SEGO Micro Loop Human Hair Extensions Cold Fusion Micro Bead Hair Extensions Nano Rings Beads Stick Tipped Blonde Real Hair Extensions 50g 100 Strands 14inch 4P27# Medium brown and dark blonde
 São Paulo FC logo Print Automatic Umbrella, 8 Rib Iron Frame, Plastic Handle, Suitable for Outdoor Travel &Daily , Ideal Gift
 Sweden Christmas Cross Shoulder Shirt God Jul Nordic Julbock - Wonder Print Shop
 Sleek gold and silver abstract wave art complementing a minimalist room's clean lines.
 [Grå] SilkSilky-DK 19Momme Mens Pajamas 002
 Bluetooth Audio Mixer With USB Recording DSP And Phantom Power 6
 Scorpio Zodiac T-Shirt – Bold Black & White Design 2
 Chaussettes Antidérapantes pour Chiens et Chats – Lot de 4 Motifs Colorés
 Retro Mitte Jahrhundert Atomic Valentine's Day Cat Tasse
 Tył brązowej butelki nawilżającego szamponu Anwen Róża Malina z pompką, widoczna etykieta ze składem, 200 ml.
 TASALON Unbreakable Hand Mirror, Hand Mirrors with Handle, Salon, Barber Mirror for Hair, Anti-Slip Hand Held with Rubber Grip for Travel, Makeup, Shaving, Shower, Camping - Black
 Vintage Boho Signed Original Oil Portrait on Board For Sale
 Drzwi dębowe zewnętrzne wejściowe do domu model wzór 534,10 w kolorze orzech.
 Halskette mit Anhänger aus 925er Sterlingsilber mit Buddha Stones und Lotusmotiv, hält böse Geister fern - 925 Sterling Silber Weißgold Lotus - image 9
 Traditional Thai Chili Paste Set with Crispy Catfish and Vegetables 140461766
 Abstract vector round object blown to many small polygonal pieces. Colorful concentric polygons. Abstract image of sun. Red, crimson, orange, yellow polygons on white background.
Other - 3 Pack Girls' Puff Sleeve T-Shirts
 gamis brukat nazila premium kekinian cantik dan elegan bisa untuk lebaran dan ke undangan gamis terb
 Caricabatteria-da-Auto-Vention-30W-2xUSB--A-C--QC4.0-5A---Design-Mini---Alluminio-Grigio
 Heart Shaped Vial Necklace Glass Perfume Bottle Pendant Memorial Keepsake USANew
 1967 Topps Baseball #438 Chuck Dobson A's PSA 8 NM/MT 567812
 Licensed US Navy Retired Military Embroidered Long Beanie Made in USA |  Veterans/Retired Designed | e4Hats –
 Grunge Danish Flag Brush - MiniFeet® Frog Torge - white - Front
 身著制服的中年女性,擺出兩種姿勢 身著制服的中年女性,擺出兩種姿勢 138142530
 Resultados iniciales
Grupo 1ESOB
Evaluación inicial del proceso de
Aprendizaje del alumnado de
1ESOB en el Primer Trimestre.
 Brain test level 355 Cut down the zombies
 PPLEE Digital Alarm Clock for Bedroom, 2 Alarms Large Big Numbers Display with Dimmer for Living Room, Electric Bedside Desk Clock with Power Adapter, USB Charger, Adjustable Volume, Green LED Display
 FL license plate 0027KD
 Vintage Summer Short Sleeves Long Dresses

→ **EXERCISE DETAILS**: Exactly the lines above from the one with "Abstract vector round" to the one with "Evaluación inicial del proceso de", both included, are to be quoted; leave the rest out.

→ **EXERCISE ANSWER**:
 Abstract vector round object blown to many small polygonal pieces. Colorful concentric polygons. Abstract image of sun. Red, crimson, orange, yellow polygons on white background.
Other - 3 Pack Girls' Puff Sleeve T-Shirts
 gamis brukat nazila premium kekinian cantik dan elegan bisa untuk lebaran dan ke undangan gamis terb
 Caricabatteria-da-Auto-Vention-30W-2xUSB--A-C--QC4.0-5A---Design-Mini---Alluminio-Grigio
 Heart Shaped Vial Necklace Glass Perfume Bottle Pendant Memorial Keepsake USANew
 1967 Topps Baseball #438 Chuck Dobson A's PSA 8 NM/MT 567812
 Licensed US Navy Retired Military Embroidered Long Beanie Made in USA |  Veterans/Retired Designed | e4Hats –
 Grunge Danish Flag Brush - MiniFeet® Frog Torge - white - Front
 身著制服的中年女性,擺出兩種姿勢 身著制服的中年女性,擺出兩種姿勢 138142530
 Resultados iniciales
Grupo 1ESOB
Evaluación inicial del proceso de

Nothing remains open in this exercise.